Идишский поэт и советский общественный деятель Ицик Фефер стал во время Великой отечественной войны членом, а затем и секретарем Еврейского антифашистского комитета. В 1943-м по поручению советского руководства Фефер вместе с артистом Соломоном Михоэлсом совершил поездку по Америке, Канаде, Мексике и Англии, собирая пожертвования на борьбу с нацизмом.

Как все общественные деятели высокого ранга (тем более, постоянно соприкасавшиеся с иностранцами), Фефер тесно сотрудничал с НКВД, имел конспиративные встречи с Берией, во время войны его курировал замначальника контрразведки НКГБ Райхман. Не мог быть свободен от секретных поручений и Михоэлс, но в сталинскую эпоху при таких международных поручениях это было в порядке вещей. Кто же знал, что заграничная доверительная поездка обернется против доверенных лиц!

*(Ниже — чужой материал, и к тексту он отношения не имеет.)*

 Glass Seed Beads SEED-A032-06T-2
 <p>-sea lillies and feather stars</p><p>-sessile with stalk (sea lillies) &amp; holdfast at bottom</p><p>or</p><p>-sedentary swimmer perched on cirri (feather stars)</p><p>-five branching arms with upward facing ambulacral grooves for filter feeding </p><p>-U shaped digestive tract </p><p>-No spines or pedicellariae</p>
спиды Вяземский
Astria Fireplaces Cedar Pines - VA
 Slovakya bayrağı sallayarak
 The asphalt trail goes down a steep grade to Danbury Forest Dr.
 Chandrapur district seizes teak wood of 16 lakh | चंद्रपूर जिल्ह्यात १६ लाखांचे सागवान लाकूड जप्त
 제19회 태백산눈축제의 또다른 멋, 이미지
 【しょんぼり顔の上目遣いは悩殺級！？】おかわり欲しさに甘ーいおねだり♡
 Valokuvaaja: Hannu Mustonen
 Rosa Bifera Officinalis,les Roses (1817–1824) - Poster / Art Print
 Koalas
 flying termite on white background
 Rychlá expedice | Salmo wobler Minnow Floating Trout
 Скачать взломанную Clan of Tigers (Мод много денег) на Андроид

После разгрома Еврейского Антифашистского Комитета и ареста его членов Фефер (арестованный одним из первых) оговаривает не только товарищей по комитету, но и себя, сотрудничая со следствием и надеясь на особое к себе отношение. И только в конце судебного процесса, когда обвиняемые не признали свою вину и рассказали о тех методах, какими велось следствие, Фефер понимает, что и ему не дадут пощады, и отказывается от своих показаний.

После смерти Сталина и реабилитации всех расстрелянных репутация Ицика Фефера сложилась незавидная. Родственники погибших настаивали на его особой вине (оговоре товарищей). Скорее всего, судьба Еврейского Антифашистского Комитета была предрешена. Оговоры в устах Фефера можно счесть технической деталью общего замысла.

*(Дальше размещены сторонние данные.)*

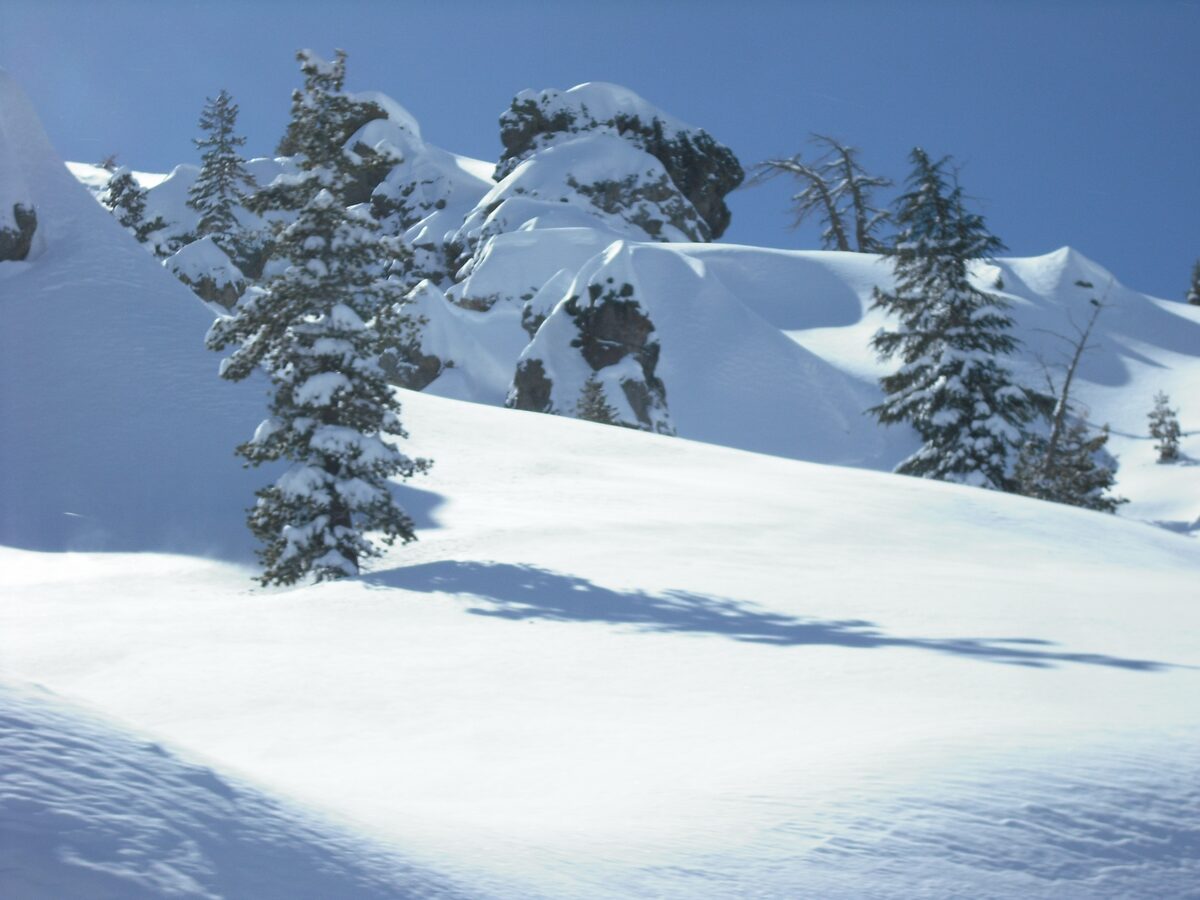 Deep fresh snow on boulders and pines beside Highway 88 near Kirkwood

Но вот племянник Люсик Бекерман до сих пор чувствует несправедливость по отношению к любимому дяде. Об этом мы и разговаривали в Нью-Йорке.

Илья Бекерман, Нью-Йорк, 2015

Илья Бекерман: Я племянник Ицика Фефера. Для меня Фефер — это трудно передать словами. Всю жизнь я его боготворил — это будет слишком напыщенно, но я обожал этого человека - это будет, может быть, более точно. Дом Фефера был вторым домом для моей мамы. Моя мама жила в местечке до 13 лет и, по-моему, до 13 лет не разговаривала по-русски. Ее старшая сестра Рахиль Григорьевна вышла замуж за поэта Фефера, который был членом партии, по-моему, с 1918 года, всегда занимал какие-то крупные посты. Жили по тем временам богато. Это был открытый дом, и я не помню за столом меньше 15-20 человек. В доме Фефера я видел Светлова, я помню, Фурман был, Эренбург, приехавший из оккупированного Парижа.

Иван Толстой: Но это уже в Москве, правда?

Илья Бекерман: Нет, до войны, до начала Второй мировой войны.

Иван Толстой: То есть, где это было?

Илья Бекерман: В Киеве. В этом же доме жил Давид Ковштейн, я почему-то очень любил этого человека, мне он очень нравился, хотя я не знал ни идиша, ни иврита, а он писал на иврите. Не знаю, чем он поразил меня, мальчишку, я не могу сказать, но мне он очень нравился, я был влюблен в него.

Иван Толстой: А родились вы когда?

Илья Бекерман: Я родился в 1933 году.

Иван Толстой: В Киеве?

Илья Бекерман: Нет, я одессит. Извините, я одессит.

Иван Толстой: А перебрались вы в Киев почему?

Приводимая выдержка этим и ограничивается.